Bel Ami, o filme de 2012 com o garoto crepuscular Robert Pattinson no papel do protagonista, e Uma Thurman, Kristin Scott Thomas e Christina Ricci interpretando algumas das mulheres que ele comeu, é pelo menos a décima transposição do romance para a tela. Pelo menos – numa busca rápida no IMDb, encontrei nove títulos anteriores a este mais recente. Mas a busca foi rápida, e portanto pode haver mais.
O primeiro deles, Bel Ami, de 1939, é – fantastiscamente – uma produção alemã, dirigida por Willli Forst, que acumulou com a direção a atuação como o protagonista. O uso do advérbio se deve ao óbvio fato de que, naquele mesmo ano, a Alemanha entraria em guerra com praticamente todo o resto da Europa, e logo em seguida invadiria a França.
Os americanos fizeram uma versão em 1947, The Private Affairs of Bel Ami, com George Sanders no papel título e Angela Lansbury como Clotilde – que, no filme de agora, é feita por Christina Ricci.
Em 1955, Bel Ami foi uma co-produção Áustria-França-Alemanha Oriental. Oriental? A comunista?

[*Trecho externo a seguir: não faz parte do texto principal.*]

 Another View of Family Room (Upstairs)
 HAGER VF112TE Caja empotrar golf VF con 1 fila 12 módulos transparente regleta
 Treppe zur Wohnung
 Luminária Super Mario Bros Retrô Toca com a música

Será que o IMDb não se enganou?
Em 1968, houve um filme feito para a TV da Alemanha Ocidental.
Em 1971, os ingleses fizeram uma série de TV baseada no romance.
Em 1983, foi a vez de os franceses fazerem uma série de TV. Tinha Aurore Clément no papel de Madeleine Forestier – o papel que em 2012 coube a Uma Thurman.

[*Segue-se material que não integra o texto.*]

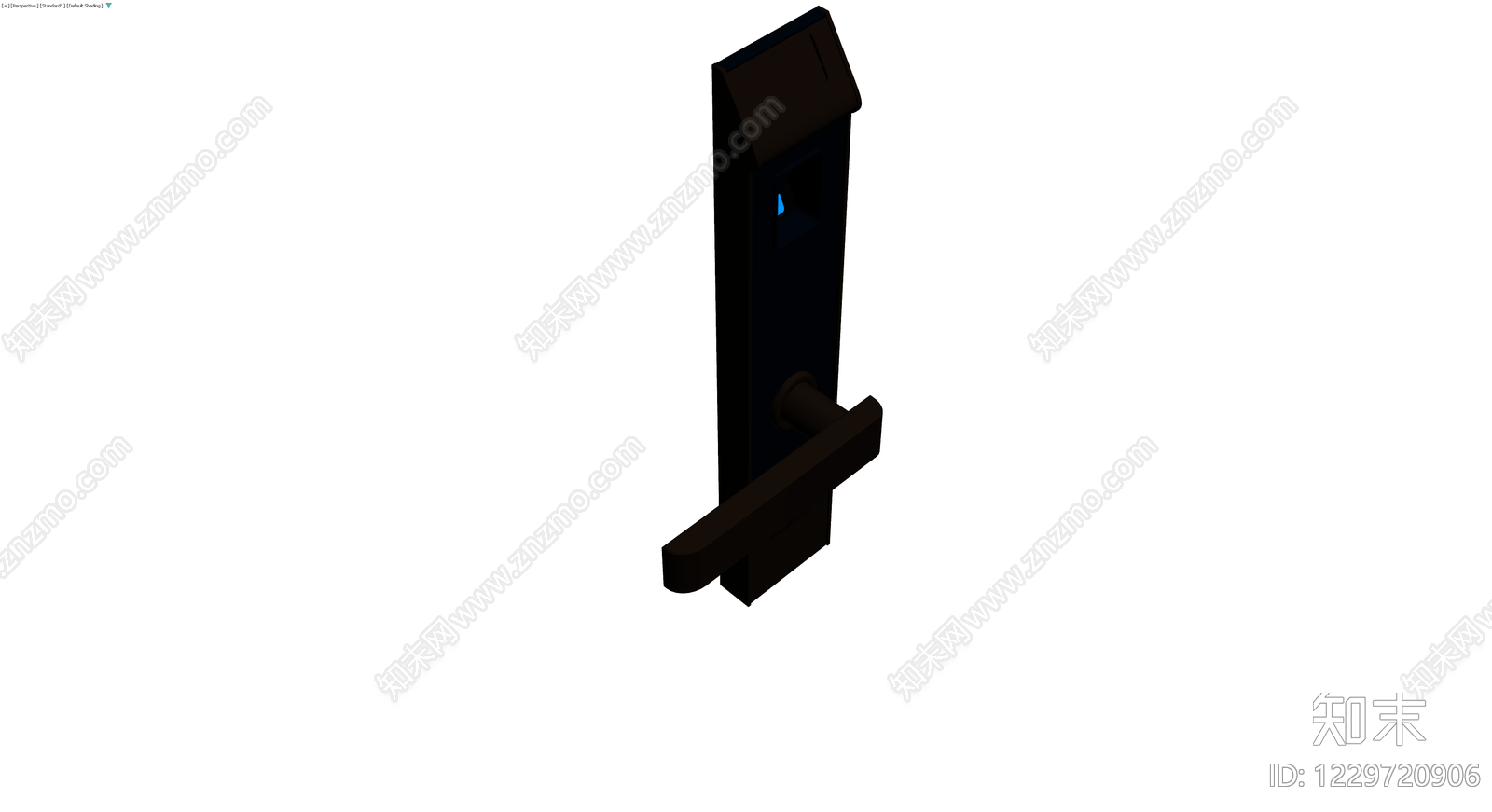 黑色智能门锁3D模型下载【ID:1229720906】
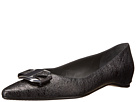 Stuart Weitzman Lolaflat (Nero Foil Nappa)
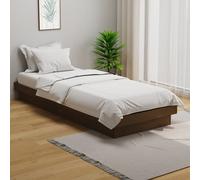VIDAXL - Giroletto Miele in Legno Massello 75x190 cm Small Single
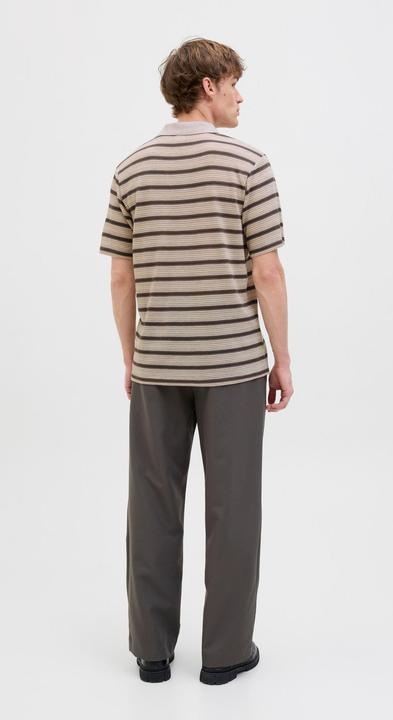 Actual product image Jack & Jones Gestreift Fly-Away Kragen Poloshirt Poloshirt (XXL)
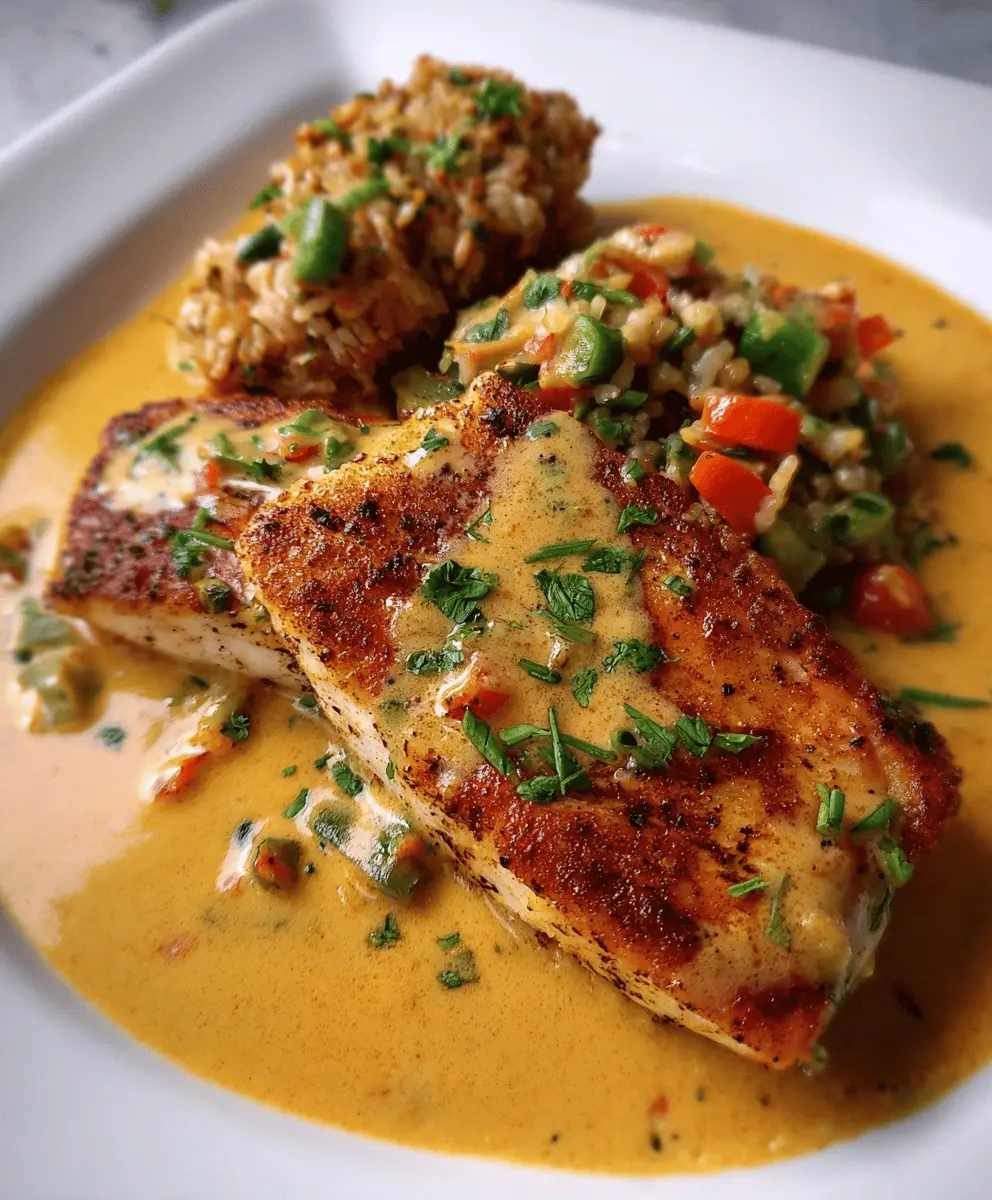 Easy Red Snapper with Creamy Creole Sauce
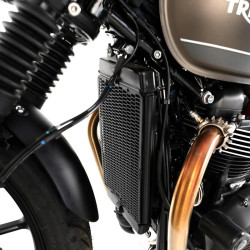 Protector de radiador R&G RACING Pro - negro 2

Em 2001, houve uma co-produção Itália-Alemanha, um filme para TV.
Em 2005, foi feito novo filme para a TV, dessa vez uma co-produção Bélgica-França.
Uma beleza de artesanato, uma daquelas produções primorosas
O filme de 2012 é uma co-produção Inglaterra-Itália, filmada em Londres e Budapeste, com dois astros ingleses (Pattinson e Kristin Scott Thomas) e duas estrelas americanas (Uma Thurman e Christina Ricci), mais um grande elenco com nomes de diversas nacionalidades, e dirigido por uma dupla, Declan Donnellan e Nick Ormerod. Foi o primeiro longa-metragem dirigido pelos dois ingleses, que já haviam dividido antes a realização de um curta, The Big Fish, em 1992.

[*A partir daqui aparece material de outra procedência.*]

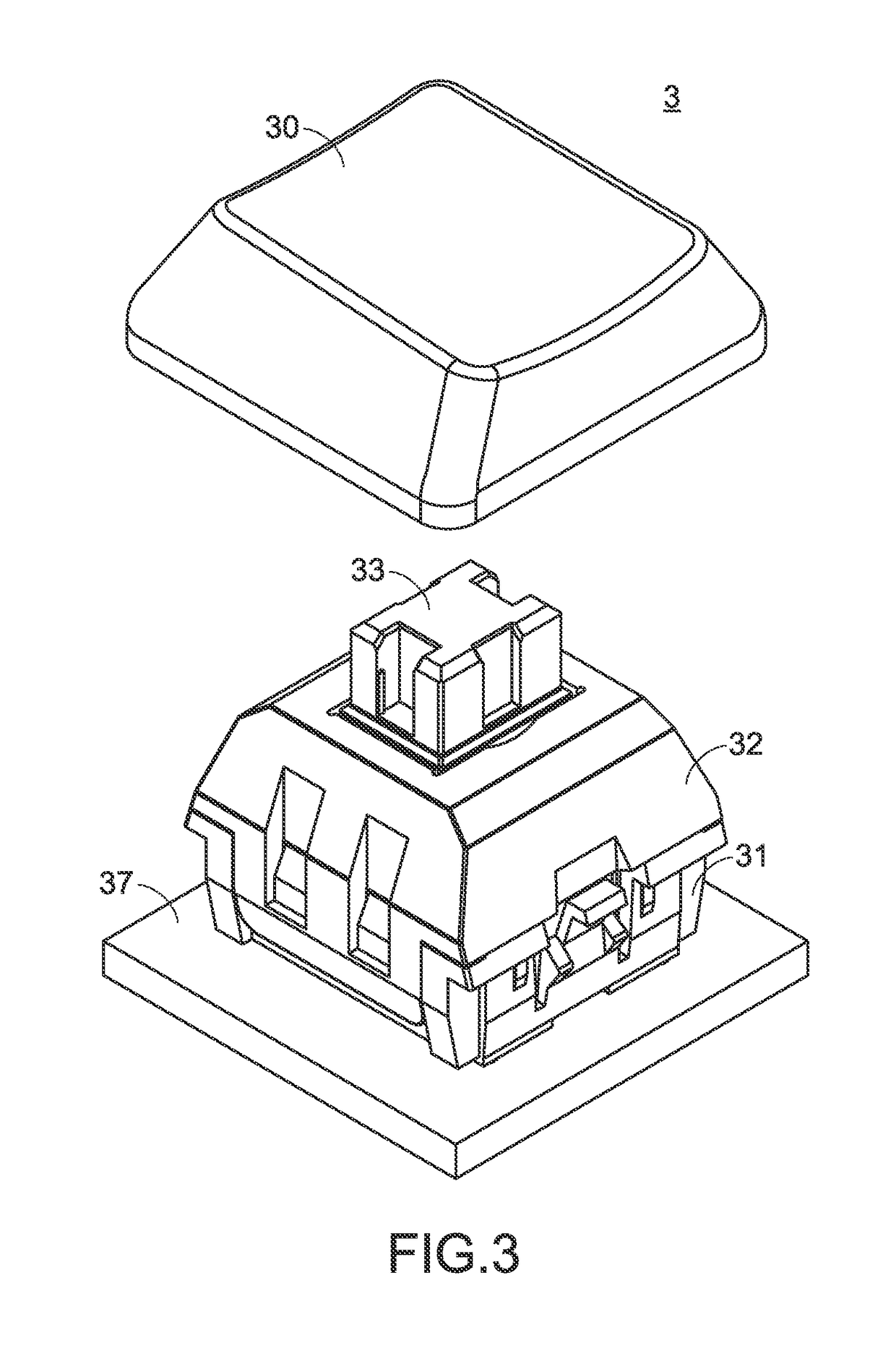 Illuminated dual pressure sensing key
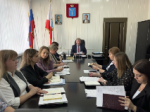 Глава района провел плановое совещание с заместителями, начальниками управлений и отделов, начальниками управлений и отделов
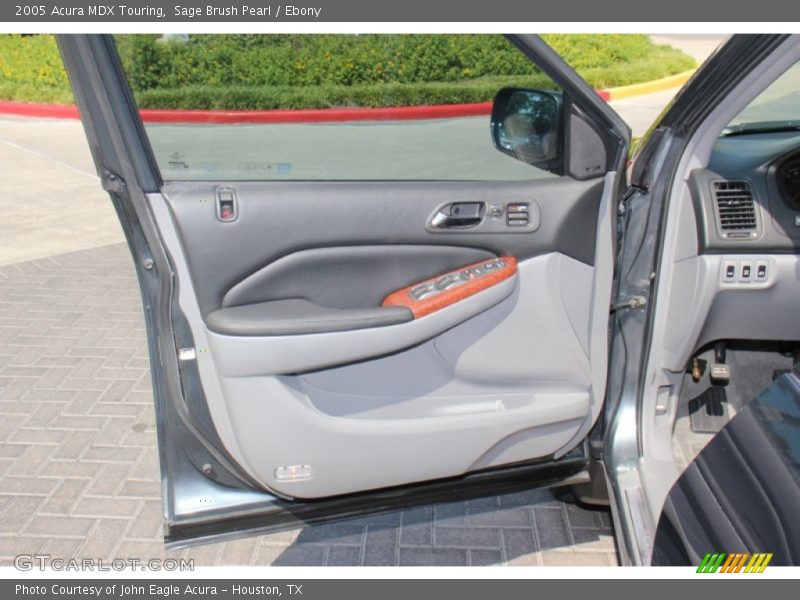 Sage Brush Pearl / Ebony 2005 Acura MDX Touring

Demonstram-se competentes artesões. O Bel Ami de 2012 é daqueles filmes de produção primorosa, luxuosa, irretorquível, perfeita em todos os quesitos técnicos. Aquela suntuosa reconstituição de época – a ação se passa em Paris, a partir de 1890 –, aquele cuidado absurdo com os detalhes do vestuário, das comidas, da decoração de interiores, aquela exibição de figurinos luxuosos, que devem ter sido caríssimos, e ao menos devem ter dado emprego, ainda que temporário, a dezenas e dezenas de profissionais.
O filme deve ter custado uma grana preta. Os sites mais óbvios não têm disponível o orçamento, mas deve ser uma coisa bem acima de US$ 30 milhões. Talvez duas vezes isso. O retorno tem sido pequeno, pelo que informa o Box Office Mojo, o melhor site sobre esse tipo de informação: nos primeiros meses de exibição, o filme rendeu US$ 8,3 milhões. Nos Estados Unidos, ao menos de início, não deu nem para pagar os figurinos de sequer uma das festas mostradas no filme: rendeu no maior mercado do mundo míseros US$ 120 mil.
Maupassant, parece, foi assim uma espécie de Bukowski do seu tempo
Confesso aqui minha total e absoluta ignorância sobre Guy de Maupassant. Ele é uma das muitas, numerosas lacunas da minha parca cultura. Jamais li uma linha que esse senhor escreveu.
Dei uma olhada na internet, na Britannica, nos dois livros dele que tenho em casa jamais lidos. Aprendo que teve uma vida tão agitada quanto curta; foi um hedonista, uma espécie quase de Bukowski avant la lettre, mergulhou de cabeça nos prazeres todos: muito sexo, muita putaria, muito remédio, muita droga. Foi aprendiz e discípulo de Gustave Flaubert, e, embora tenha escrito no período dos naturalistas, e seja normalmente associado a essa escola, sua obra não se encaixa bem junto da de Émile Zola e dos outros grandes naturalistas.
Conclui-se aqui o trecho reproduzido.